### What is being asked
Nothing but the lines below between the line holding "Pots de plantes" and the line holding "Happy 70th Birthday", inclusive, should appear in the answer, each set down exactly.

### Material to process

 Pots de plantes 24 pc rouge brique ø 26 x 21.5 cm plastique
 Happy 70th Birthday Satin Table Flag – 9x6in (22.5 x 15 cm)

...

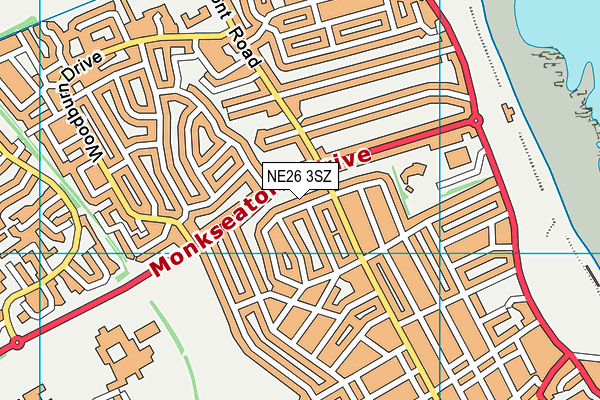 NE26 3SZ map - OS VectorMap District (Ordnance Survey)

--

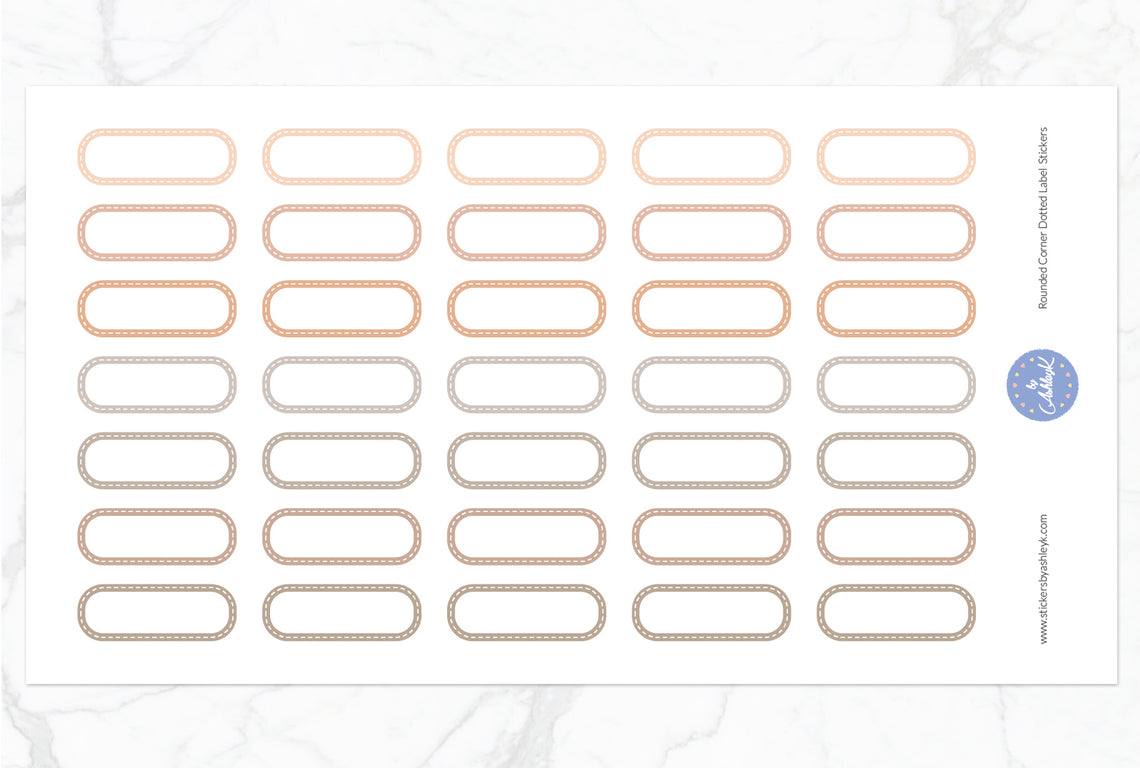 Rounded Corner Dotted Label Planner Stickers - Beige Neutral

### Output of the exercise
 Pots de plantes 24 pc rouge brique ø 26 x 21.5 cm plastique
 Happy 70th Birthday Satin Table Flag – 9x6in (22.5 x 15 cm)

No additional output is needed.